§ WHAT YOU HAVE TO DO: Begin with the first line of the material and write out each line exactly, ending with the line that contains "UGREEN 30W iPhone". Pictures are not part of the copy.
[COLLECTED MATERIAL]
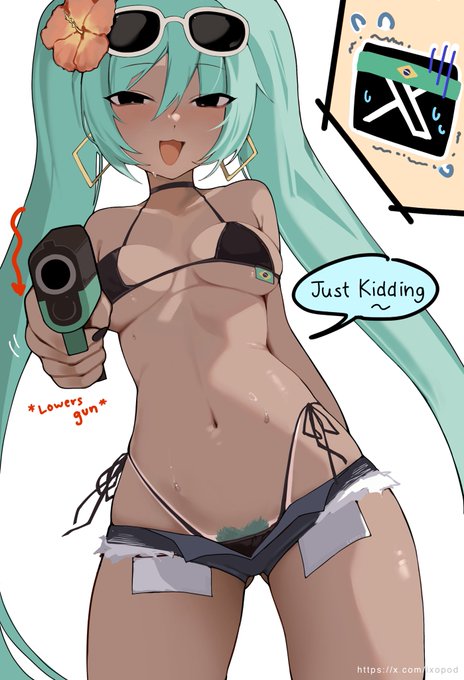 blue_hair brazilian_miku clothing hatsune_miku pubic_hair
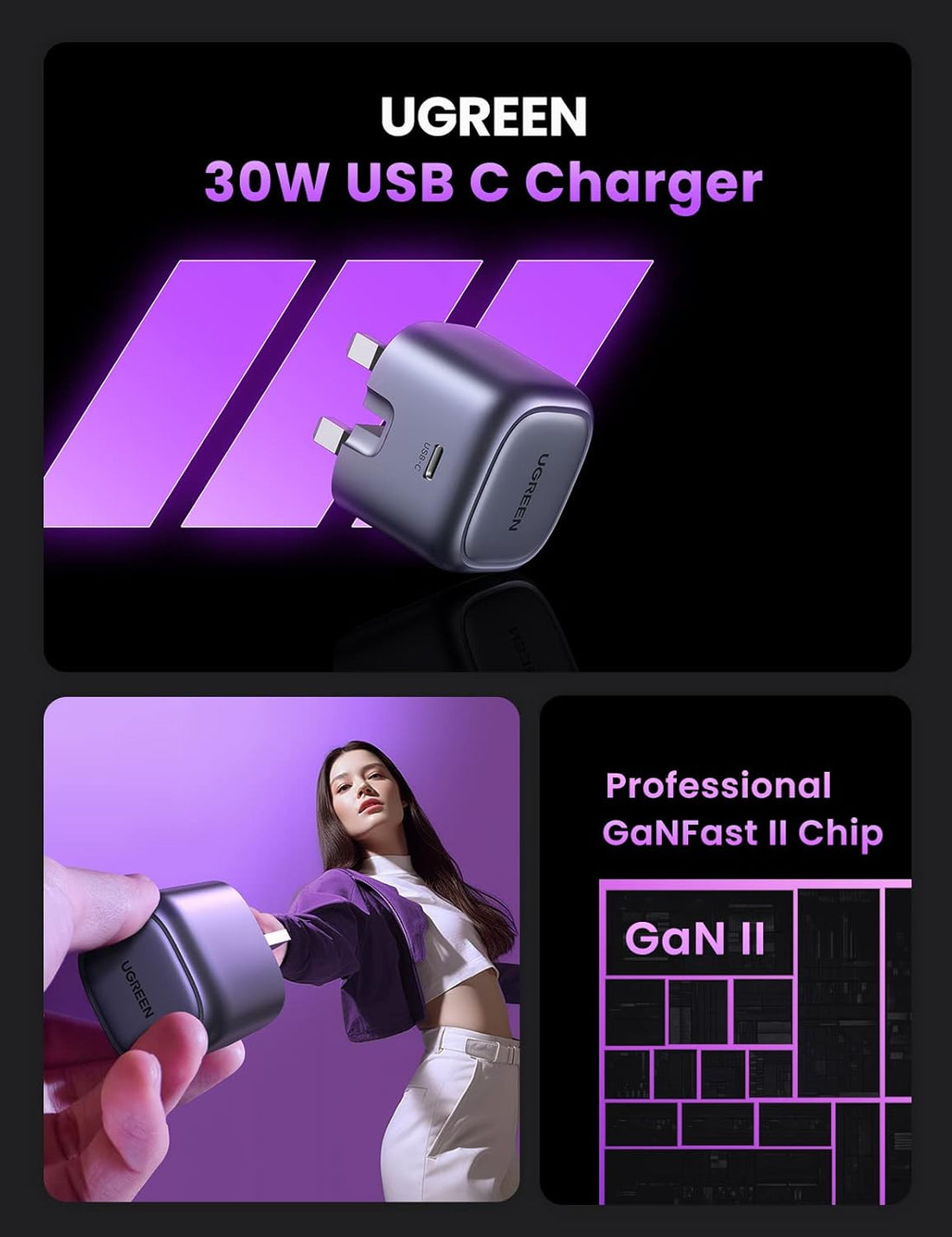 UGREEN 30W iPhone 16 Pro Charger Cable Nexode GaN USB C Power Adapter Foldable Samsung Charger Type C Plug Set with 1M 60W USB Cable for iPhone 16 Pro Max/15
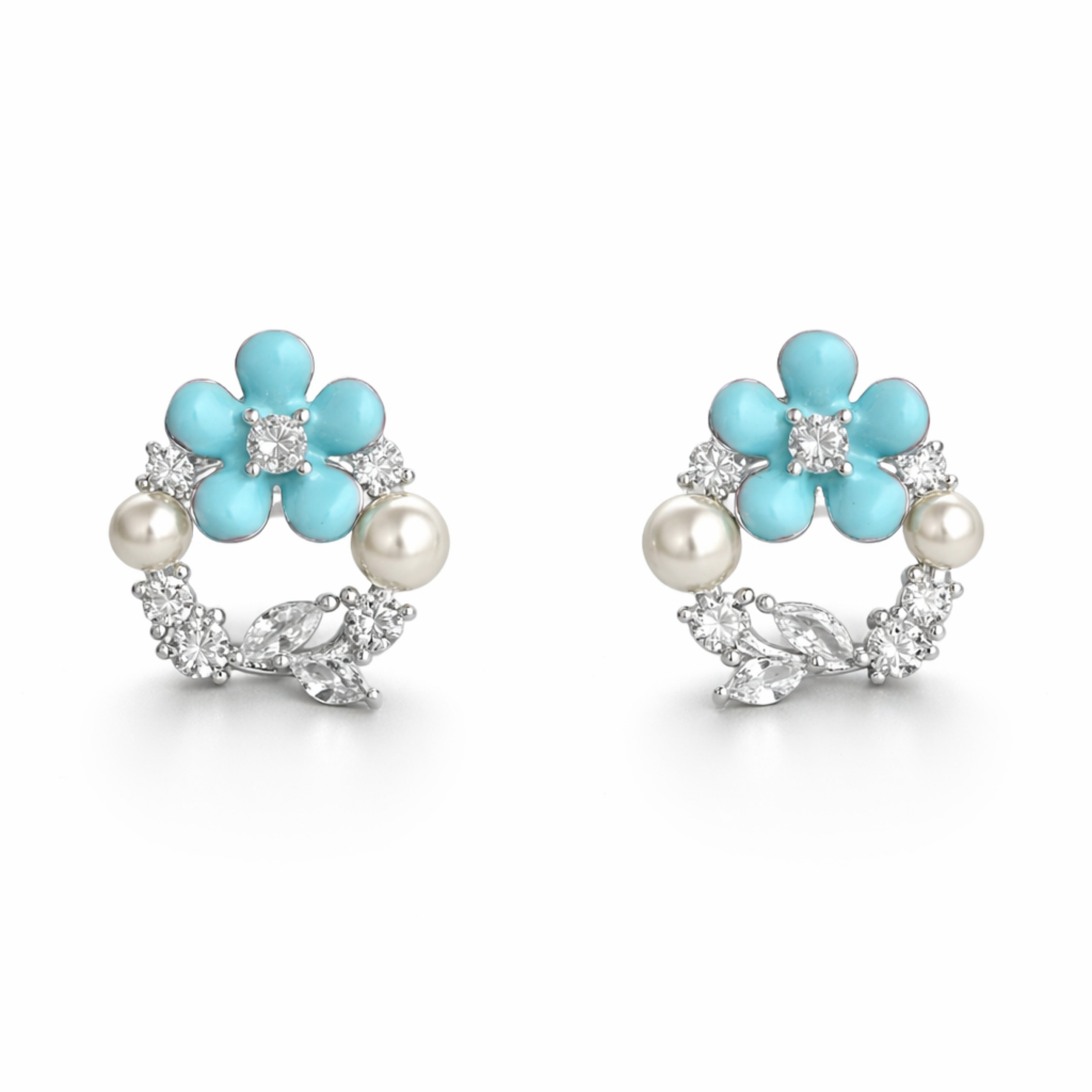 925 Sterling Silver Aqua Floral Pearl Wreath Stud Earrings
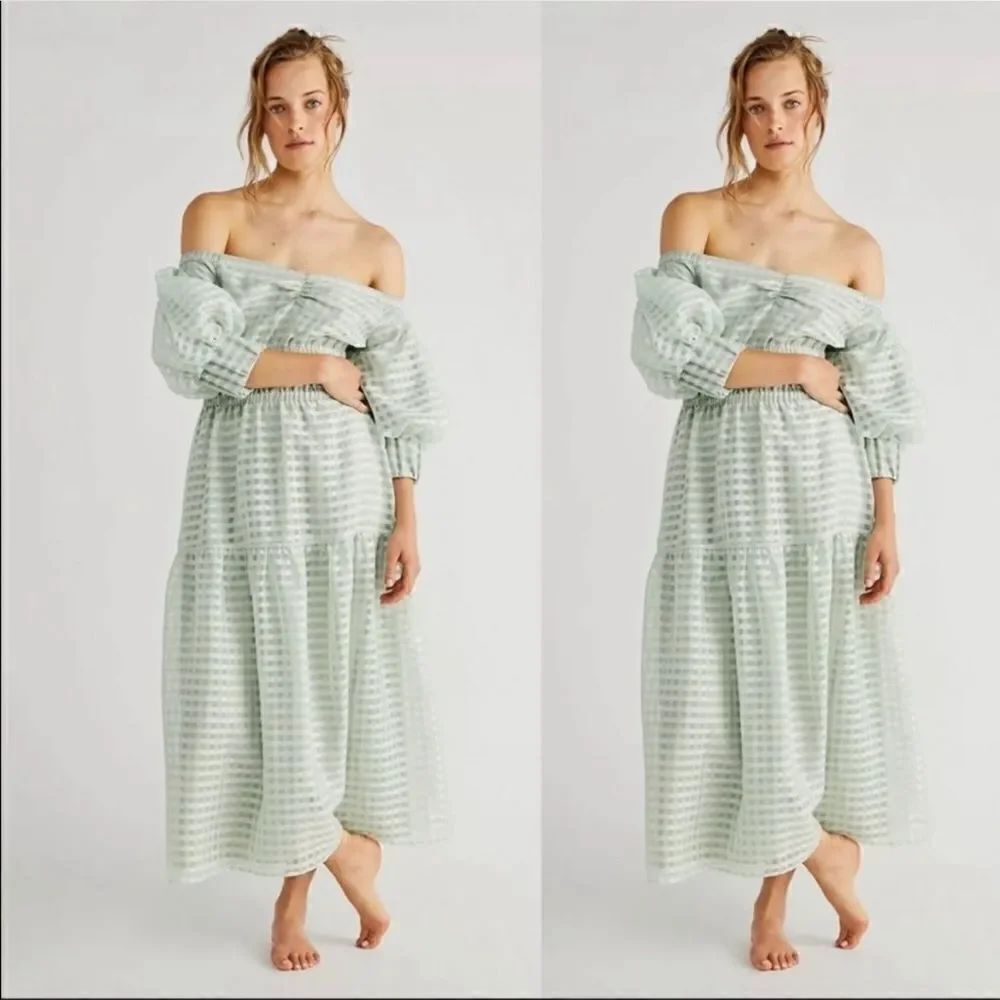 Free People - mint green Midi Dress with Puff Sleeves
[/COLLECTED MATERIAL]
§ YOUR RESPONSE:
 blue_hair brazilian_miku clothing hatsune_miku pubic_hair
 UGREEN 30W iPhone 16 Pro Charger Cable Nexode GaN USB C Power Adapter Foldable Samsung Charger Type C Plug Set with 1M 60W USB Cable for iPhone 16 Pro Max/15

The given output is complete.